__DATASET EXCERPT__:
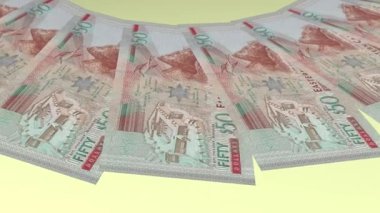 Antigua & Barbuda 'nın Büyüleyici Döngü Tasarımı 50 Dolar Curency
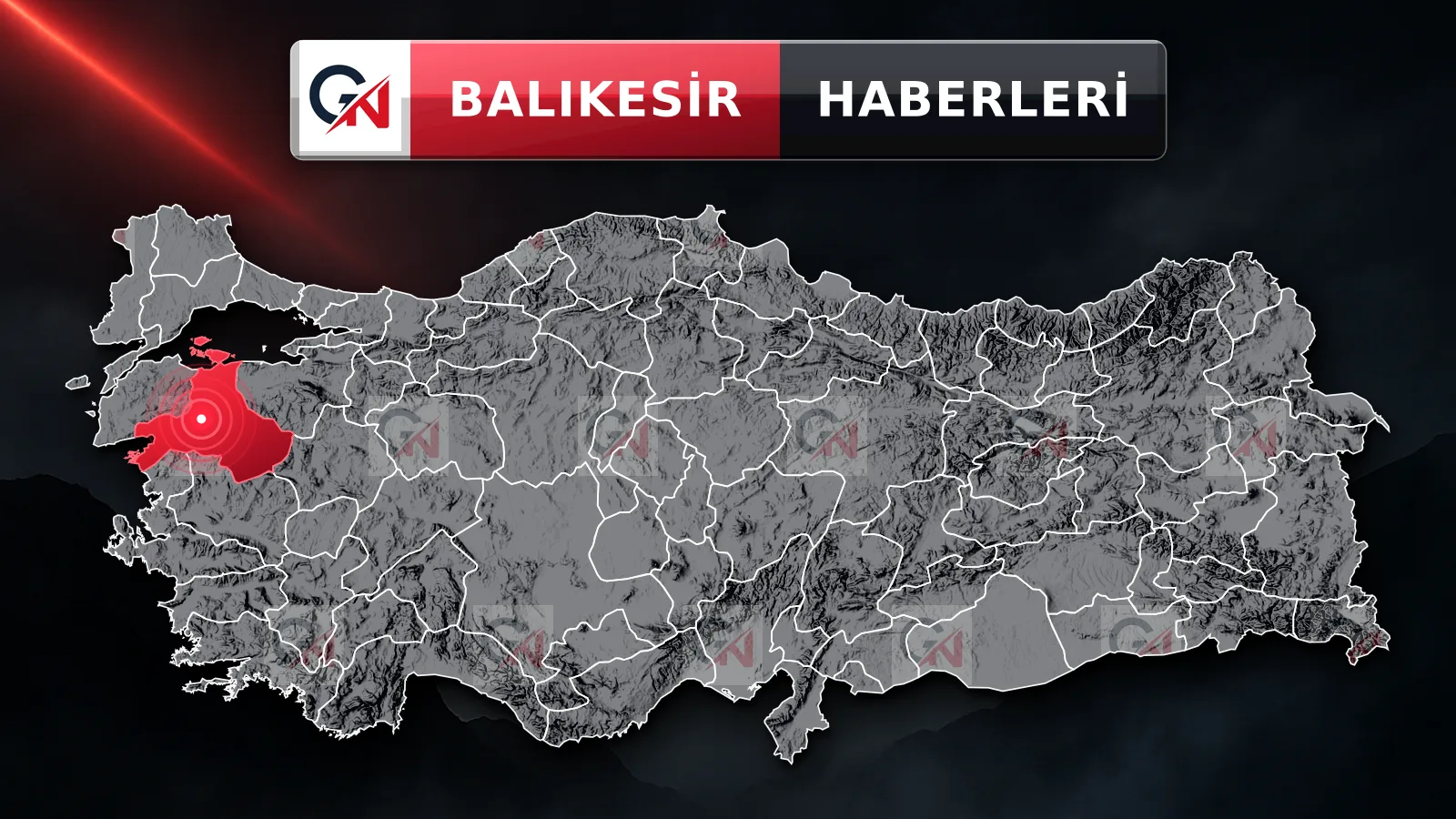 Balıkesir Bandırma'da besi çiftliği yakınında otluk alanda yangın çıktı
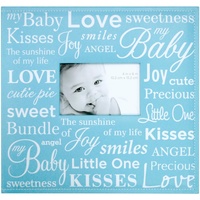12x12 MBI Expressions Post Bound Album with Window Baby Blue
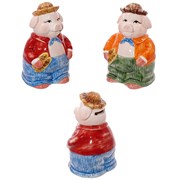 Копилка "Свинка", L11 W9,5 H17,5см, 2в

__PROBLEM DETAILS__:
Write out exactly the lines beginning with the line that holds "Balıkesir Bandırma'da besi" and ending with the final line of the data, both ends included, without the pictures.

__RESPONSE TO THE TASK__:
 Balıkesir Bandırma'da besi çiftliği yakınında otluk alanda yangın çıktı
12x12 MBI Expressions Post Bound Album with Window Baby Blue
 Копилка "Свинка", L11 W9,5 H17,5см, 2в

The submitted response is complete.